» PROVIDED ENTRIES

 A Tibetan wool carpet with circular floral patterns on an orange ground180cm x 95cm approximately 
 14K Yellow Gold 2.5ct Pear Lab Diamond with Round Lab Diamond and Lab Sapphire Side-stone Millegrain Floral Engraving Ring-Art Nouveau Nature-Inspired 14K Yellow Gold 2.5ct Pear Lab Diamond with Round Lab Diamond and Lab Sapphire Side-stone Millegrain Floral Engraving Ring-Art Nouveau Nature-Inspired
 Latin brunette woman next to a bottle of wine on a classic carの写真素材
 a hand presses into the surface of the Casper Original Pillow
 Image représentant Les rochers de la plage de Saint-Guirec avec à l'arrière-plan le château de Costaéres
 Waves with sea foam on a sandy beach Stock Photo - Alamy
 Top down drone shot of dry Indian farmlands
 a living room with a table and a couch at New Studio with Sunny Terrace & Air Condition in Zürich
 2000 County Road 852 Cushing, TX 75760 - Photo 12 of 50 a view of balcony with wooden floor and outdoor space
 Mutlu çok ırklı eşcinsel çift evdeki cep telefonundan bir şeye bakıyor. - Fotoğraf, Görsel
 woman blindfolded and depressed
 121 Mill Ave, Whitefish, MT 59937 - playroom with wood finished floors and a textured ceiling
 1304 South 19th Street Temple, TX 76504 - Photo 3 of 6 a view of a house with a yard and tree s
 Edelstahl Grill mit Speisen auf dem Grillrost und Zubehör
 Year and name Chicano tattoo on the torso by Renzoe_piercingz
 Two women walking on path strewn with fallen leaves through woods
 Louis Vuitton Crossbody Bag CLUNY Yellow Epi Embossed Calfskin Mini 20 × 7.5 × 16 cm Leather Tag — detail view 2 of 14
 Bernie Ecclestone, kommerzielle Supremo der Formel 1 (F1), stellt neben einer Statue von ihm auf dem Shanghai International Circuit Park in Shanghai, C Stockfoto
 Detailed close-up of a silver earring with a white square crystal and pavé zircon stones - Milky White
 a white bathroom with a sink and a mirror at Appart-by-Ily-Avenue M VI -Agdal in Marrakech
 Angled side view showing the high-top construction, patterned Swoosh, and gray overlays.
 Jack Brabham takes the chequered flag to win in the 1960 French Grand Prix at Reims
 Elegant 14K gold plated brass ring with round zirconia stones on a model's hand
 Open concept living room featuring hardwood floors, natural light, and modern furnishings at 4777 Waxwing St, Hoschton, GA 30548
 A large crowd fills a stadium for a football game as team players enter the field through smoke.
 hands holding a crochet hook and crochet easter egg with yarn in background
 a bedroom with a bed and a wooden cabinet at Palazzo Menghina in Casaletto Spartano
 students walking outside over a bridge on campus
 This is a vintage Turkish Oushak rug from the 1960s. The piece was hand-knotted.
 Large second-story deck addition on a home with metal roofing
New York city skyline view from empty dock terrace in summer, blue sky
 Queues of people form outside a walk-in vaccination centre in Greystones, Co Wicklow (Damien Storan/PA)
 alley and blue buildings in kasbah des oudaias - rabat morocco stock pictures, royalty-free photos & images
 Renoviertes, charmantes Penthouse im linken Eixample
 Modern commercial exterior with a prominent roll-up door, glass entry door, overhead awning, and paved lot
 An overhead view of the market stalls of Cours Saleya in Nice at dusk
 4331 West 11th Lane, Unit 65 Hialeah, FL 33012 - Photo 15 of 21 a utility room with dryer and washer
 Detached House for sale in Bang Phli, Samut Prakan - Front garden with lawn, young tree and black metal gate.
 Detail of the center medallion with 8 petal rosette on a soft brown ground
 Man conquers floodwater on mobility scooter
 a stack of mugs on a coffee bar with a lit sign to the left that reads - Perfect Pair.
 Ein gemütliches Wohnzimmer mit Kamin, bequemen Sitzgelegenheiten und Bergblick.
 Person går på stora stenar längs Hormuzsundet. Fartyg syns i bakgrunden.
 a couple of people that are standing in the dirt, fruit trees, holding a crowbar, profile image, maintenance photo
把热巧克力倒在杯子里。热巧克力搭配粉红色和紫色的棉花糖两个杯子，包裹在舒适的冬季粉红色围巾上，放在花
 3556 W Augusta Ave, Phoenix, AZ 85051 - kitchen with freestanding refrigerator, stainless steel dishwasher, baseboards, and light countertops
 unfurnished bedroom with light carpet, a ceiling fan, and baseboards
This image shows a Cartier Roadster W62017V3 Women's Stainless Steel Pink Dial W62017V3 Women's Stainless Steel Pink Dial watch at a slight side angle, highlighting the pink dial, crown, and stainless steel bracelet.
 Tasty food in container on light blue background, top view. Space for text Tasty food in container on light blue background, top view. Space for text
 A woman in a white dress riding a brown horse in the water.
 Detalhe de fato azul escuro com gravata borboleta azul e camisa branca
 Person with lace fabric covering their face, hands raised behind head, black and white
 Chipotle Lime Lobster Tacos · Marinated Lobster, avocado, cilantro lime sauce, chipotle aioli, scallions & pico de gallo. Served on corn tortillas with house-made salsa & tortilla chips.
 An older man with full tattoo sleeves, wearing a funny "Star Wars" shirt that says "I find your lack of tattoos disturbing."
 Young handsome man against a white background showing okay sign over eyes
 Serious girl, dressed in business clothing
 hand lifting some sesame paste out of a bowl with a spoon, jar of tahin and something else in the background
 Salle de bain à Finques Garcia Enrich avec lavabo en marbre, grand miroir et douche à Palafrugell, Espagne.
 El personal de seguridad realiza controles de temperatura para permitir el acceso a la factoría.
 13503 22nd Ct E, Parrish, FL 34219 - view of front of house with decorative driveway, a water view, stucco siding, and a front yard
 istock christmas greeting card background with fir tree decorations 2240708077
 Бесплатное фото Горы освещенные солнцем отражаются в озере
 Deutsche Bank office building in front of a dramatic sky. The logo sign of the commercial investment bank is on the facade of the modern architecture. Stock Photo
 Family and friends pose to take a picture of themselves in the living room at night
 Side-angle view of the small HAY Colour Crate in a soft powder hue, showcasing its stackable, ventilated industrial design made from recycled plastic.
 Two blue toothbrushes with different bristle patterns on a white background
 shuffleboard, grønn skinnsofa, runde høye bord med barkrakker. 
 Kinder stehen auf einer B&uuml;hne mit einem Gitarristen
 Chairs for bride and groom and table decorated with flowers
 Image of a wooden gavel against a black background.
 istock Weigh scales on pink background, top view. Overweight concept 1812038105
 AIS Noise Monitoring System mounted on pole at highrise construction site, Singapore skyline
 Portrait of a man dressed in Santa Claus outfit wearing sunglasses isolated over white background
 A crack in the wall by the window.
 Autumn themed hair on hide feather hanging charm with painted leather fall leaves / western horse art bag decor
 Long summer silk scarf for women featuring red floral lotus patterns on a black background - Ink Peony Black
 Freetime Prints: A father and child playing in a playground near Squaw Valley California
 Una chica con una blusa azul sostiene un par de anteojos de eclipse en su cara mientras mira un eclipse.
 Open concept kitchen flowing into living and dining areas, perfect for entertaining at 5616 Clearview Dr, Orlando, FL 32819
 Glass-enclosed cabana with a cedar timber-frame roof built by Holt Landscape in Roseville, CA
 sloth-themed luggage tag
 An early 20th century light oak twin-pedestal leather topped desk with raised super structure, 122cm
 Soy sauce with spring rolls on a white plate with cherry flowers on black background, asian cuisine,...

» WHAT YOU SHOULD DO
With the line holding "Renoviertes, charmantes Penthouse" as the first and the line holding "把热巧克力倒在杯子里。热巧克" as the last, please transcribe exactly the lines of the material above in that range and nothing else.

» EXERCISE ANSWER
 Renoviertes, charmantes Penthouse im linken Eixample
 Modern commercial exterior with a prominent roll-up door, glass entry door, overhead awning, and paved lot
 An overhead view of the market stalls of Cours Saleya in Nice at dusk
 4331 West 11th Lane, Unit 65 Hialeah, FL 33012 - Photo 15 of 21 a utility room with dryer and washer
 Detached House for sale in Bang Phli, Samut Prakan - Front garden with lawn, young tree and black metal gate.
 Detail of the center medallion with 8 petal rosette on a soft brown ground
 Man conquers floodwater on mobility scooter
 a stack of mugs on a coffee bar with a lit sign to the left that reads - Perfect Pair.
 Ein gemütliches Wohnzimmer mit Kamin, bequemen Sitzgelegenheiten und Bergblick.
 Person går på stora stenar längs Hormuzsundet. Fartyg syns i bakgrunden.
 a couple of people that are standing in the dirt, fruit trees, holding a crowbar, profile image, maintenance photo
把热巧克力倒在杯子里。热巧克力搭配粉红色和紫色的棉花糖两个杯子，包裹在舒适的冬季粉红色围巾上，放在花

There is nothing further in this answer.